In an interview with Newsweek earlier this year, Blair was quizzed on what he was doing to rectify this problem by Palestinian Tourism and Antiquities Minister Rula Ma’aya. Asked to push the Israelis more to ease restrictions on movement for Palestinians, Blair said simply: “It’s tough. It’s really tough.” He then shrugged and avoided the questions.

Perhaps it is testament to Blair’s famous arrogance that he considered his failures as Middle East envoy to be down to the “narrowness of his role” and was looking for a more wide-ranging position on the world stage. After eight years supposedly involved in solving the greatest and most long-lasting conflict in the Middle East – perhaps the root of all of its conflicts – Blair considers the role narrow. You couldn’t make it up.

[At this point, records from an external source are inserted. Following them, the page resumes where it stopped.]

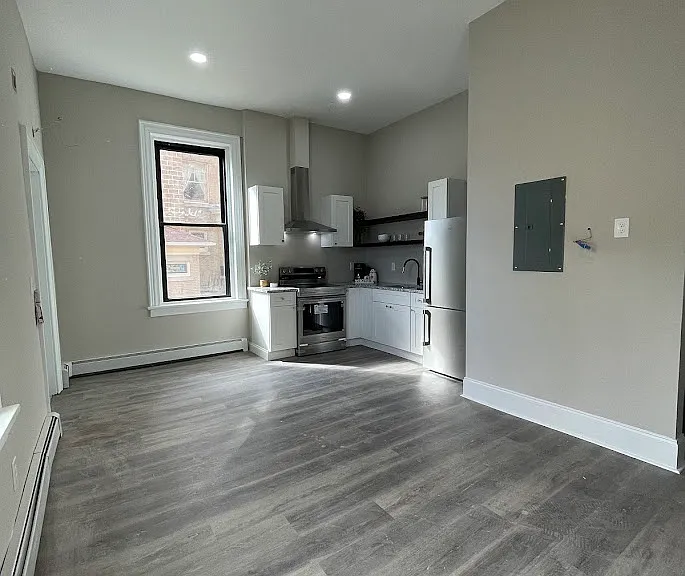150 S Franklin St #2 — Photo 6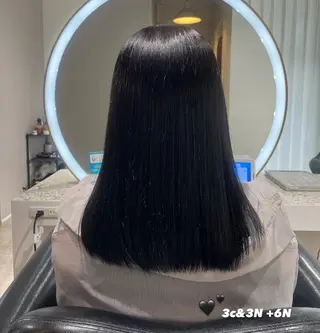 セミロング カラー CIEL 菜々香のヘアスタイル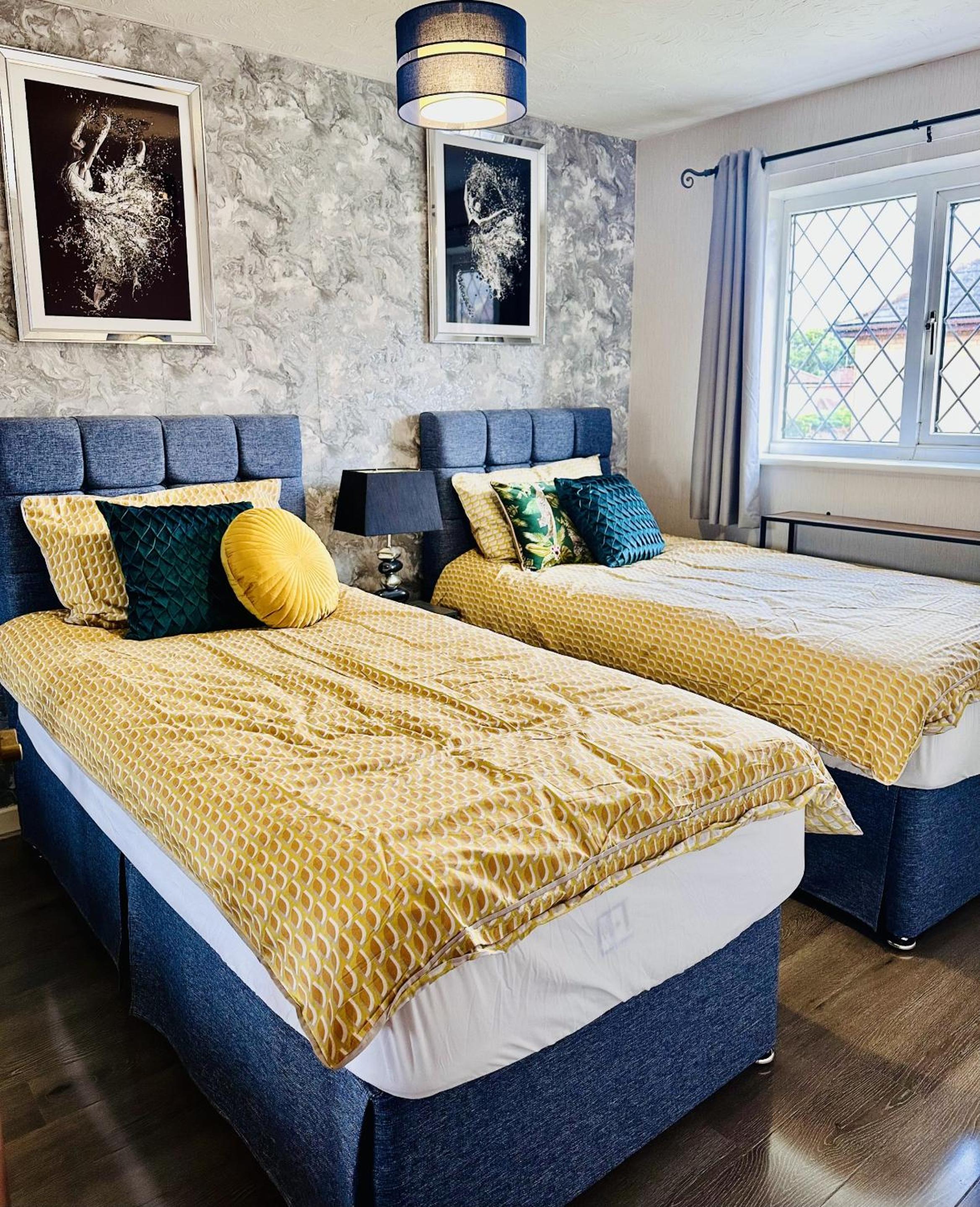 Three-Bedroom House photo 3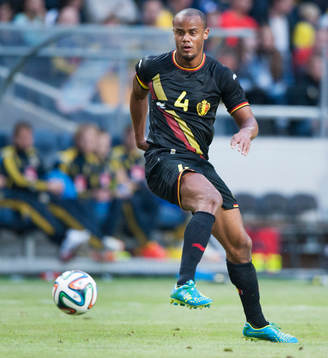Belgiens Vincent Kompany i träningslandskampen i mellan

There is arguably only one place in the Middle East that Blair would comfortably be able to rely on a good reception from the locals, and that is Iraqi Kurdistan. Many Kurds consider that it was Britain and America’s intervention in Iraq in 2003 that paved the way for relative peace and stability in Iraqi Kurdistan, the last year or so notwithstanding.

But recent events suggest that even that is now fading. The Kurds face a menace in Islamic State that was born out of the instability in the Middle East that Blair and others created.

His failure in Jerusalem has only added insult to injury, with the blame both on Blair personally and for the Quartet for appointing him and accepting his catalogue of failures and, at times, appearance of complete disinterest in the conflict in Israel and Palestine.

Blair’s legacy is a Middle East more divided, chaotic and sectarian than arguably ever before and if he is really leaving the Quartet for a wider, more global role then, frankly, God help us all.